_Data excerpt_
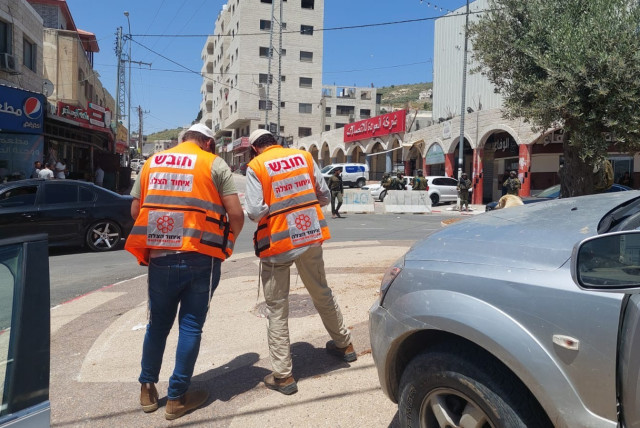  United Hatzalah medics at the scene of the May 4, 2023 Huwara stabbing.  (credit: UNITED HATZALAH‏)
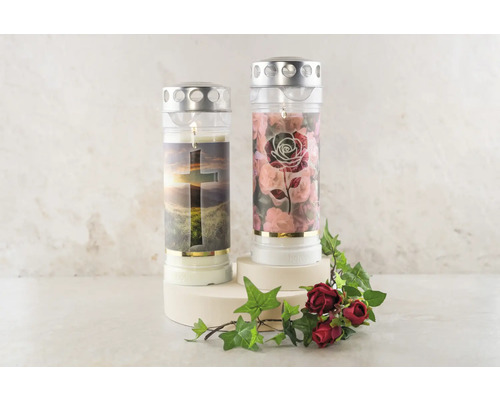 Dva hřbitovní svíčky s křesťanskými motivy, včetně kříže a vzoru růží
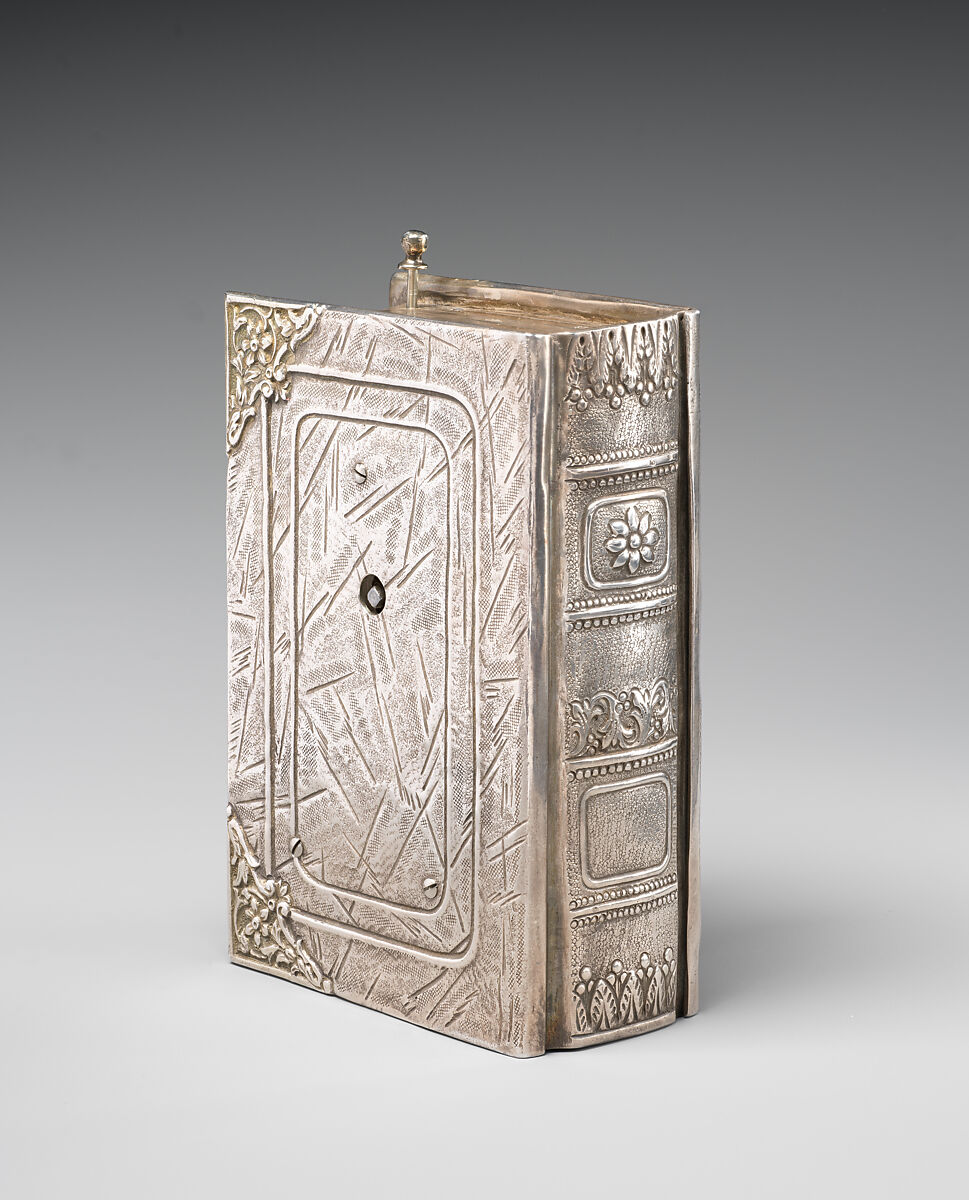 Mechanical singing bird box in book form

_Task directions_
Your task is to repeat the listing exactly while omitting its pictures.

_Your response_
  United Hatzalah medics at the scene of the May 4, 2023 Huwara stabbing.  (credit: UNITED HATZALAH‏)
 Dva hřbitovní svíčky s křesťanskými motivy, včetně kříže a vzoru růží
 Mechanical singing bird box in book form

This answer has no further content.